Changement insuffisant du côté des primes de risques
Qu’il y ait de telles recettes à partager s’explique par des primes de risques exorbitantes. Depuis des années, les primes encaissées pour l’assurance décès et invalidité correspondent en moyenne au double des rentes qui sont effectivement versées pour ces causes. 3 En 2012, 2,7 milliards de francs de primes de risques ont été prélevés pour seulement 1,4 milliard de francs de prestations de décès et d’invalidité versées. En principe sur plusieurs années, les primes devraient correspondre à peu près aux dépenses pour les rentes en cas de décès et d’invalidité. De plus, certaines réserves doivent être autorisées. Mais même avec une pratique très prudente en matière de fixation des primes, les primes encaissées sont excessives. Les assureurs vie prétendent que ce « subventionnement croisé » est nécessaire vu que la loi les oblige à financer des prestations vieillesse trop élevées. C’est clairement contestable pour 2012 : les provisions réalisées pour le financement des prestations vieillesse ont pu être financées avec le revenu des capitaux, donc pas besoin de primes de risques excessives.

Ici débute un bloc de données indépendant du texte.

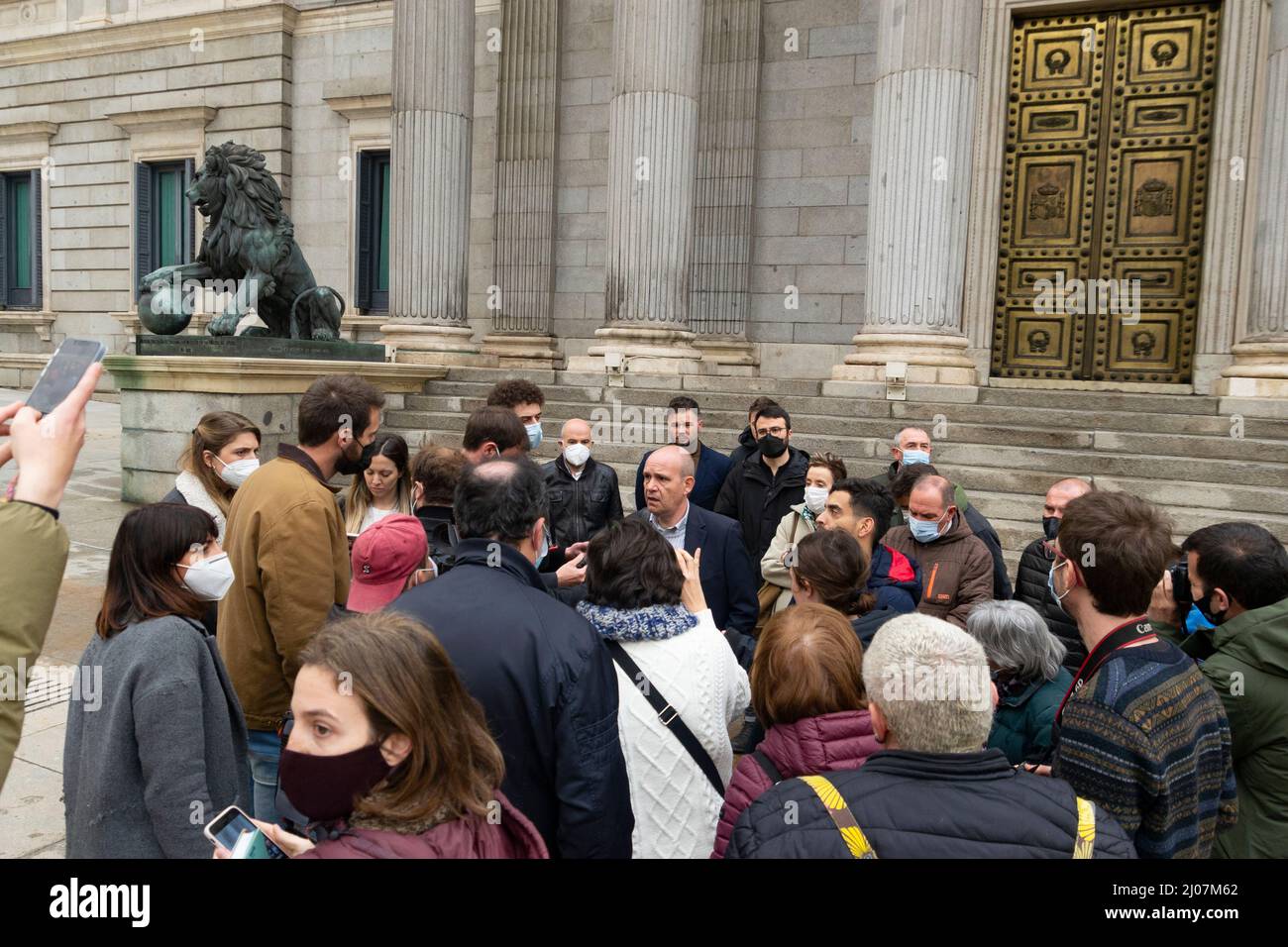 Spanische Abgeordnete im spanischen Parlament während einer Fotosession vor dem Kongress der Abgeordneten in Madrid, Spanien. Fotografie. Stockfoto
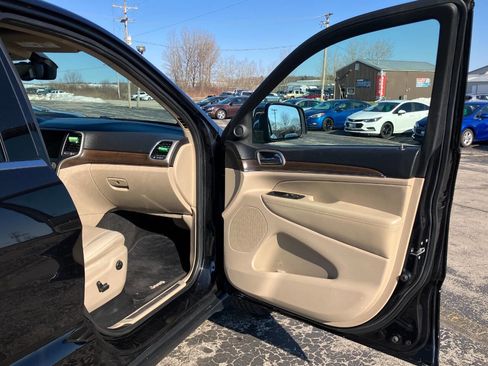 Used 2014 Jeep Grand Cherokee Limited image 13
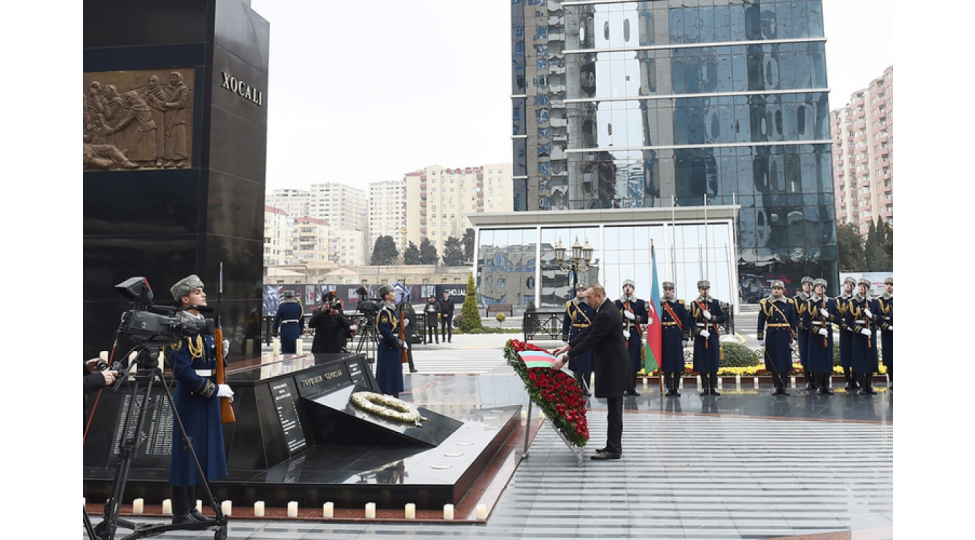 prezident-ilham-eliyev-xocali-soyqirimi-abidesini-ziyaret-edib-yenilenibfoto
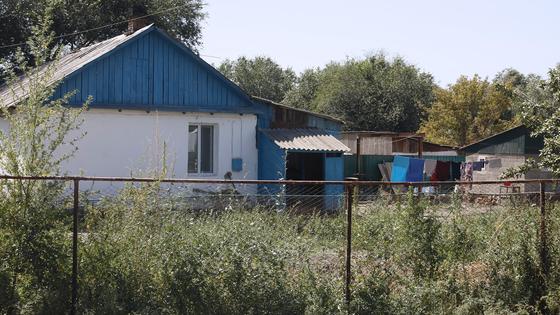 Дом стоит в степи Дом стоит в степи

Le Conseil fédéral doit brider les pratiques effrontées sur les primes de risques
Les primes de risques servent de sources stables et bienvenues de bénéfices. Le recul des cas d’invalidité n’est pas assez pris en considération dans les données de bases des assureurs. Les primes n’ont que peu baissé. En cas de hausse des cas d’invalidité, les assureurs vie prendraient-ils autant de temps pour actualiser leur base de calcul ? La Finma n’utilise pas sa marge de manœuvre et laisse cette pratique effrontée avoir cours. C’est par un travail de qualité et digne de confiance que les assurances doivent gagner de l’argent dans la prévoyance professionnelle, et non par négligence et par des primes exorbitantes. Il appartient maintenant au Conseil fédéral de fixer les critères des abus dans le cadre de la prévoyance vieillesse 2020. Le besoin d’agir est démontré et urgent.